[GIVEN INFORMATION]:
⟨
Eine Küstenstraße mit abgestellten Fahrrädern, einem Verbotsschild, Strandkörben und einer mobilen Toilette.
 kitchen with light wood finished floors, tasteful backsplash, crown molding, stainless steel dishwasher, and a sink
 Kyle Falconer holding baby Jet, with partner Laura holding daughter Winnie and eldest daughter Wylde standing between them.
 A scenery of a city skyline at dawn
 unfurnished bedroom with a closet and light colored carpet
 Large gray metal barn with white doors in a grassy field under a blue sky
⟩
[WHAT YOU WILL DO]: Having read the records above, reproduce each one exactly.

[ANSWER AREA]:
Eine Küstenstraße mit abgestellten Fahrrädern, einem Verbotsschild, Strandkörben und einer mobilen Toilette.
 kitchen with light wood finished floors, tasteful backsplash, crown molding, stainless steel dishwasher, and a sink
 Kyle Falconer holding baby Jet, with partner Laura holding daughter Winnie and eldest daughter Wylde standing between them.
 A scenery of a city skyline at dawn
 unfurnished bedroom with a closet and light colored carpet
 Large gray metal barn with white doors in a grassy field under a blue sky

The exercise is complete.